National Data Sets, How to Choose Them, How to Use Them

Penelope Z. Weinberger, American Association of State Highway and Transportation Officials


Compares, and gives bases to compare, large complex national survey data sets.


The US population is around the 323 million mark today (and grows by 4 a minute). Transportation planners who serve this enormous population are dependent on only two national surveys for the bulk of travel data that informs infrastructure, planning and decision making. The US Census Bureau’s ongoing American Community Survey (ACS), from which the Census Transportation Planning Products (CTPP) data is derived, and the USDOT’s National Household Travel Survey (NHTS). The ACS asks a series of commute based questions that give a robust picture of the trip to work for the nation. The ACS is based on a sample of about 8 percent of households over five years. The CTPP commissions a customized tabulation of ACS data tailored for transportation planning applications. This data set is used for travel model validation and calibration; an input to the long range plans required of the 408 metropolitan areas and 50 states as a condition of Federal aid. Other uses of the CTPP range from generating demographic profiles to corridor planning to Environmental Justice analysis to trend analysis, including national commute trends detailed in Commuting in America.
The smaller and more infrequent but more in depth NHTS is a diary based survey that has been collected seven times between 1969 and 2009 with an eighth iteration scheduled for 2016. In 2001, the NHTS collected all household travel from a national core of 26,000 households, with regional add-ons adding 43,000 more households constituting about 0.06% of total US households.
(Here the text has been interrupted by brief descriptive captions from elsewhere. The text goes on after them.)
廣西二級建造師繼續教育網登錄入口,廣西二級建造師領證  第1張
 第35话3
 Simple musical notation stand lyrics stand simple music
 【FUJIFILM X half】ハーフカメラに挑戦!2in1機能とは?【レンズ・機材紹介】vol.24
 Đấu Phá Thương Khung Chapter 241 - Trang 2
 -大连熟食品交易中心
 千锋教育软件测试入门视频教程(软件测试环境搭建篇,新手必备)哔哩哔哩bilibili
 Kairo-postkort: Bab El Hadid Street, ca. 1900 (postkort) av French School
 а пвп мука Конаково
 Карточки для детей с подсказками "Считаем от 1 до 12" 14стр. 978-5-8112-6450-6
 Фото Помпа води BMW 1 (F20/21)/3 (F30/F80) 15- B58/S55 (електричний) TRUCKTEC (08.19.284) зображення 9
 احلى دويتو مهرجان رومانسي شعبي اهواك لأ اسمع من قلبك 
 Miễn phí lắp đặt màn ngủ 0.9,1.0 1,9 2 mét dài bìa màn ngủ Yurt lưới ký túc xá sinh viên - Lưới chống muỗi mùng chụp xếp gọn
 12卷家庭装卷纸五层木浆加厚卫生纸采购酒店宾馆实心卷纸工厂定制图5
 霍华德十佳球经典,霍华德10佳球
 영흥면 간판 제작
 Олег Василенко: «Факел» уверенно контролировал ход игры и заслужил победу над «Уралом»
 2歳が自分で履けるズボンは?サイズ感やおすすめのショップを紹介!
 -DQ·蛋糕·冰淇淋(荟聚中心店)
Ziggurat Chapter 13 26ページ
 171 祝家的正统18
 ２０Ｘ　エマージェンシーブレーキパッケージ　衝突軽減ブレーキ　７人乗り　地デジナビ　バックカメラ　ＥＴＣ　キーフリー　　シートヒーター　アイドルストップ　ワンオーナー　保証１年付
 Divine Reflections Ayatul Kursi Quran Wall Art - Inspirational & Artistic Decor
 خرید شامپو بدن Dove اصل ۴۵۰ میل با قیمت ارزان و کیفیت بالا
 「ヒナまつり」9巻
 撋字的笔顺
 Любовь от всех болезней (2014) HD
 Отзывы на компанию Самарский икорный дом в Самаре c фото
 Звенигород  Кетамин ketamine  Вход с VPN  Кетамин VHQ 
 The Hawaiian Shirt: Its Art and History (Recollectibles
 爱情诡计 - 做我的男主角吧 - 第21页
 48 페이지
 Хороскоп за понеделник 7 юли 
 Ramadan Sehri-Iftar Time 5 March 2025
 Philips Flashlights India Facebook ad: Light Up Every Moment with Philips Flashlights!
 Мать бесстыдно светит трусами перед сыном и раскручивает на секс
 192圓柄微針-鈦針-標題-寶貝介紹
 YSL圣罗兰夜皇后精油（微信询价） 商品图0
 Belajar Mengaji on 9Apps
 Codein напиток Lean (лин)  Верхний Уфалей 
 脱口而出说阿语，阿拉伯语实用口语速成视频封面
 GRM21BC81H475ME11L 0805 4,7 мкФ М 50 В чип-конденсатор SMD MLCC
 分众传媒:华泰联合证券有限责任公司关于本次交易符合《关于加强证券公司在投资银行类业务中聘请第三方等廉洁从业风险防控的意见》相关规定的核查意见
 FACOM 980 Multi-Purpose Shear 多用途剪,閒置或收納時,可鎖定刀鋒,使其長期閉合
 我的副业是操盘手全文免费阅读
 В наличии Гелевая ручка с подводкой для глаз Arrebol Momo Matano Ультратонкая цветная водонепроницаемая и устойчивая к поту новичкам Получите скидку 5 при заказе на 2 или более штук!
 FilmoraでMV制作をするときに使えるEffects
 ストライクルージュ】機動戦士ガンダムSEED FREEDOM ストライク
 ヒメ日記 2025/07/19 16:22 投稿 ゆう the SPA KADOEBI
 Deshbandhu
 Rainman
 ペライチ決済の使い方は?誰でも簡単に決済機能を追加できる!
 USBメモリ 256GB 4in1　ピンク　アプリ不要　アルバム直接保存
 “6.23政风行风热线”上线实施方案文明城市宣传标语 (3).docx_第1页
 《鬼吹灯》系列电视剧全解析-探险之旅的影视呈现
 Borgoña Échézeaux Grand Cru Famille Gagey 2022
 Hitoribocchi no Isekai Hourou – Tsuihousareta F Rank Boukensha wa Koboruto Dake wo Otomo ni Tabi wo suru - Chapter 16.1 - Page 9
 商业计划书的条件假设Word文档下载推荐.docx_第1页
In 2009, the core sample remained the same, but the national add-ons totaled nearly 125,000 households, bring the sample to about 0.13% of the total.
The CTPP is better suited to assess phenomena in small geographies, while the NHTS captures all trips, not just commute trips. Both data sets are used to inform transportation policy and assess how previous transportation investments have performed. This paper is a comparative analysis of the two data sets, it discusses their methodology and statistical nuances, subjects covered, weaknesses, strengths, and uses. This work is aimed to inform practitioners dealing with large and varied data sets and give some insight into how to evaluate, how to assess, and what types of analyses are appropriate for given data.